[Data entries]

__________________________________________________

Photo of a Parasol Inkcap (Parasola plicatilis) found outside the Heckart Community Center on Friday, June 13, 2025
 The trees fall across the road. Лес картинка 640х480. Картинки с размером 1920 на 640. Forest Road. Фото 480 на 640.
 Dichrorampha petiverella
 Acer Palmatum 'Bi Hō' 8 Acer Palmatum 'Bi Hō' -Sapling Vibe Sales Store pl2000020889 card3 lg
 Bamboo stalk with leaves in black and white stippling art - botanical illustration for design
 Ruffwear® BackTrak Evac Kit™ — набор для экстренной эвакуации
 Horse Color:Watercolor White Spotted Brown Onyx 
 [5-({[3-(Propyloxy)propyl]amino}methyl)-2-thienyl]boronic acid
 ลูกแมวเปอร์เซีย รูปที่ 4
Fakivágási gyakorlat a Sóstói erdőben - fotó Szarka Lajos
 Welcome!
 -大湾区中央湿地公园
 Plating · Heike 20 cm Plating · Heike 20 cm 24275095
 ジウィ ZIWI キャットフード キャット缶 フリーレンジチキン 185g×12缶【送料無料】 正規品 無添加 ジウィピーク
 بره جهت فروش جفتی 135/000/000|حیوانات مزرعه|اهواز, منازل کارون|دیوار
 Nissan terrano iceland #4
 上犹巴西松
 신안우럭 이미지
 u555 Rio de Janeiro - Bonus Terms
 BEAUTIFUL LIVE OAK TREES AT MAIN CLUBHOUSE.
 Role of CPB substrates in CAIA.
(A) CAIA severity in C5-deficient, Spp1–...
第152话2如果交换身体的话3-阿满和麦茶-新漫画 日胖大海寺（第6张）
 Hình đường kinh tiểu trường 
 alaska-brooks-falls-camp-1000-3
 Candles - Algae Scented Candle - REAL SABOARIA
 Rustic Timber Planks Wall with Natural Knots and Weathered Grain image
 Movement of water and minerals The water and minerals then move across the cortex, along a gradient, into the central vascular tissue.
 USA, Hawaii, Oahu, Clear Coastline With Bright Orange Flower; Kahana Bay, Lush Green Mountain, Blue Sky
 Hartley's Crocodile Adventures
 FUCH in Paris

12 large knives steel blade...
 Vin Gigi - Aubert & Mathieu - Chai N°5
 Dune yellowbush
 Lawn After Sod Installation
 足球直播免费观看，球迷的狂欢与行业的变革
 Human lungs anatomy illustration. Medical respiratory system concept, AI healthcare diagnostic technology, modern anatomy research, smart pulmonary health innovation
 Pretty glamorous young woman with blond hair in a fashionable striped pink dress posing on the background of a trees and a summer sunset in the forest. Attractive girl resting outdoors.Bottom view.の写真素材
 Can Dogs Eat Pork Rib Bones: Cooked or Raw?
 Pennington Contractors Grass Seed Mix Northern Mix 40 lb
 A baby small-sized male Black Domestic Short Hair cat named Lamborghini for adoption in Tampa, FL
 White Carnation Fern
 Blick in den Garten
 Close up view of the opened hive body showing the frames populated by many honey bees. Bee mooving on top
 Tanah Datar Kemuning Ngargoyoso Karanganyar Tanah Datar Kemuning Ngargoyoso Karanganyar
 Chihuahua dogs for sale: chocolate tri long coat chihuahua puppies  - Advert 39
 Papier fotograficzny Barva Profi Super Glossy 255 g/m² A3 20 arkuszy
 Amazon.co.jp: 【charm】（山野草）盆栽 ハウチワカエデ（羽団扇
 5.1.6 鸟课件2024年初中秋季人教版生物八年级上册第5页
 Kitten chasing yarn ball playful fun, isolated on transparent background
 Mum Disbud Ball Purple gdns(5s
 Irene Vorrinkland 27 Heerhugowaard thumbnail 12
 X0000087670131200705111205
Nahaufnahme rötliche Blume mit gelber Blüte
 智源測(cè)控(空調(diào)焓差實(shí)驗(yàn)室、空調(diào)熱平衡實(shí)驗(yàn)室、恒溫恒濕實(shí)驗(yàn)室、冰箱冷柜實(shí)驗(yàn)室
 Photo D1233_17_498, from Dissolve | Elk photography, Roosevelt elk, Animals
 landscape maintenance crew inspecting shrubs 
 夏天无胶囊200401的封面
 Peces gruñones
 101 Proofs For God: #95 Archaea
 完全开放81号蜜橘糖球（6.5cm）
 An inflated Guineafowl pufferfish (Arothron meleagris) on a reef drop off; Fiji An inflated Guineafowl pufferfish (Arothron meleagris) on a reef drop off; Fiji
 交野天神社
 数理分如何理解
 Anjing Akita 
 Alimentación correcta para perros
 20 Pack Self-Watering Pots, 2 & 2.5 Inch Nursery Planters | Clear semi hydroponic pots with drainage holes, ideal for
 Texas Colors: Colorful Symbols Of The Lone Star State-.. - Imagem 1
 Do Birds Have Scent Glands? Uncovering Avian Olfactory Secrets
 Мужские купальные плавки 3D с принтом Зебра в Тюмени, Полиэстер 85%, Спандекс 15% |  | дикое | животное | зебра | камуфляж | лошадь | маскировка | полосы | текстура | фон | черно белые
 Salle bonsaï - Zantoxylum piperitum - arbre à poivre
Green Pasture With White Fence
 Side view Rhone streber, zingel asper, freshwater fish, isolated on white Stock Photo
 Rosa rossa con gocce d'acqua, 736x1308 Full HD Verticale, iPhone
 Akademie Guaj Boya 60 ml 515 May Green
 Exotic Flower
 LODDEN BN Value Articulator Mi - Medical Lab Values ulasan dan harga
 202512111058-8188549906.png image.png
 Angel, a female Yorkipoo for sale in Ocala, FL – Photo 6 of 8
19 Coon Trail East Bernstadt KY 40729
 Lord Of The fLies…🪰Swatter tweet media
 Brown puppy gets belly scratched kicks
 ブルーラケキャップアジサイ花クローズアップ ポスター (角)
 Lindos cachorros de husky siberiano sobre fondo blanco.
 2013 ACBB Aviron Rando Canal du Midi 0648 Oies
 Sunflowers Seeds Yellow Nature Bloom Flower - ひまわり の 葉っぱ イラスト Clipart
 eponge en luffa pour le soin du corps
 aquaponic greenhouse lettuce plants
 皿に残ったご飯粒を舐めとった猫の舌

__________________________________________________

WHAT THIS TASK INVOLVES:
Copy every line above once more, precisely as it reads.

YOUR SOLUTION:
Photo of a Parasol Inkcap (Parasola plicatilis) found outside the Heckart Community Center on Friday, June 13, 2025
 The trees fall across the road. Лес картинка 640х480. Картинки с размером 1920 на 640. Forest Road. Фото 480 на 640.
 Dichrorampha petiverella
 Acer Palmatum 'Bi Hō' 8 Acer Palmatum 'Bi Hō' -Sapling Vibe Sales Store pl2000020889 card3 lg
 Bamboo stalk with leaves in black and white stippling art - botanical illustration for design
 Ruffwear® BackTrak Evac Kit™ — набор для экстренной эвакуации
 Horse Color:Watercolor White Spotted Brown Onyx 
 [5-({[3-(Propyloxy)propyl]amino}methyl)-2-thienyl]boronic acid
 ลูกแมวเปอร์เซีย รูปที่ 4
Fakivágási gyakorlat a Sóstói erdőben - fotó Szarka Lajos
 Welcome!
 -大湾区中央湿地公园
 Plating · Heike 20 cm Plating · Heike 20 cm 24275095
 ジウィ ZIWI キャットフード キャット缶 フリーレンジチキン 185g×12缶【送料無料】 正規品 無添加 ジウィピーク
 بره جهت فروش جفتی 135/000/000|حیوانات مزرعه|اهواز, منازل کارون|دیوار
 Nissan terrano iceland #4
 上犹巴西松
 신안우럭 이미지
 u555 Rio de Janeiro - Bonus Terms
 BEAUTIFUL LIVE OAK TREES AT MAIN CLUBHOUSE.
 Role of CPB substrates in CAIA.
(A) CAIA severity in C5-deficient, Spp1–...
第152话2如果交换身体的话3-阿满和麦茶-新漫画 日胖大海寺（第6张）
 Hình đường kinh tiểu trường 
 alaska-brooks-falls-camp-1000-3
 Candles - Algae Scented Candle - REAL SABOARIA
 Rustic Timber Planks Wall with Natural Knots and Weathered Grain image
 Movement of water and minerals The water and minerals then move across the cortex, along a gradient, into the central vascular tissue.
 USA, Hawaii, Oahu, Clear Coastline With Bright Orange Flower; Kahana Bay, Lush Green Mountain, Blue Sky
 Hartley's Crocodile Adventures
 FUCH in Paris

12 large knives steel blade...
 Vin Gigi - Aubert & Mathieu - Chai N°5
 Dune yellowbush
 Lawn After Sod Installation
 足球直播免费观看，球迷的狂欢与行业的变革
 Human lungs anatomy illustration. Medical respiratory system concept, AI healthcare diagnostic technology, modern anatomy research, smart pulmonary health innovation
 Pretty glamorous young woman with blond hair in a fashionable striped pink dress posing on the background of a trees and a summer sunset in the forest. Attractive girl resting outdoors.Bottom view.の写真素材
 Can Dogs Eat Pork Rib Bones: Cooked or Raw?
 Pennington Contractors Grass Seed Mix Northern Mix 40 lb
 A baby small-sized male Black Domestic Short Hair cat named Lamborghini for adoption in Tampa, FL
 White Carnation Fern
 Blick in den Garten
 Close up view of the opened hive body showing the frames populated by many honey bees. Bee mooving on top
 Tanah Datar Kemuning Ngargoyoso Karanganyar Tanah Datar Kemuning Ngargoyoso Karanganyar
 Chihuahua dogs for sale: chocolate tri long coat chihuahua puppies  - Advert 39
 Papier fotograficzny Barva Profi Super Glossy 255 g/m² A3 20 arkuszy
 Amazon.co.jp: 【charm】（山野草）盆栽 ハウチワカエデ（羽団扇
 5.1.6 鸟课件2024年初中秋季人教版生物八年级上册第5页
 Kitten chasing yarn ball playful fun, isolated on transparent background
 Mum Disbud Ball Purple gdns(5s
 Irene Vorrinkland 27 Heerhugowaard thumbnail 12
 X0000087670131200705111205
Nahaufnahme rötliche Blume mit gelber Blüte
 智源測(cè)控(空調(diào)焓差實(shí)驗(yàn)室、空調(diào)熱平衡實(shí)驗(yàn)室、恒溫恒濕實(shí)驗(yàn)室、冰箱冷柜實(shí)驗(yàn)室
 Photo D1233_17_498, from Dissolve | Elk photography, Roosevelt elk, Animals
 landscape maintenance crew inspecting shrubs 
 夏天无胶囊200401的封面
 Peces gruñones
 101 Proofs For God: #95 Archaea
 完全开放81号蜜橘糖球（6.5cm）
 An inflated Guineafowl pufferfish (Arothron meleagris) on a reef drop off; Fiji An inflated Guineafowl pufferfish (Arothron meleagris) on a reef drop off; Fiji
 交野天神社
 数理分如何理解
 Anjing Akita 
 Alimentación correcta para perros
 20 Pack Self-Watering Pots, 2 & 2.5 Inch Nursery Planters | Clear semi hydroponic pots with drainage holes, ideal for
 Texas Colors: Colorful Symbols Of The Lone Star State-.. - Imagem 1
 Do Birds Have Scent Glands? Uncovering Avian Olfactory Secrets
 Мужские купальные плавки 3D с принтом Зебра в Тюмени, Полиэстер 85%, Спандекс 15% |  | дикое | животное | зебра | камуфляж | лошадь | маскировка | полосы | текстура | фон | черно белые
 Salle bonsaï - Zantoxylum piperitum - arbre à poivre
Green Pasture With White Fence
 Side view Rhone streber, zingel asper, freshwater fish, isolated on white Stock Photo
 Rosa rossa con gocce d'acqua, 736x1308 Full HD Verticale, iPhone
 Akademie Guaj Boya 60 ml 515 May Green
 Exotic Flower
 LODDEN BN Value Articulator Mi - Medical Lab Values ulasan dan harga
 202512111058-8188549906.png image.png
 Angel, a female Yorkipoo for sale in Ocala, FL – Photo 6 of 8
19 Coon Trail East Bernstadt KY 40729
 Lord Of The fLies…🪰Swatter tweet media
 Brown puppy gets belly scratched kicks
 ブルーラケキャップアジサイ花クローズアップ ポスター (角)
 Lindos cachorros de husky siberiano sobre fondo blanco.
 2013 ACBB Aviron Rando Canal du Midi 0648 Oies
 Sunflowers Seeds Yellow Nature Bloom Flower - ひまわり の 葉っぱ イラスト Clipart
 eponge en luffa pour le soin du corps
 aquaponic greenhouse lettuce plants
 皿に残ったご飯粒を舐めとった猫の舌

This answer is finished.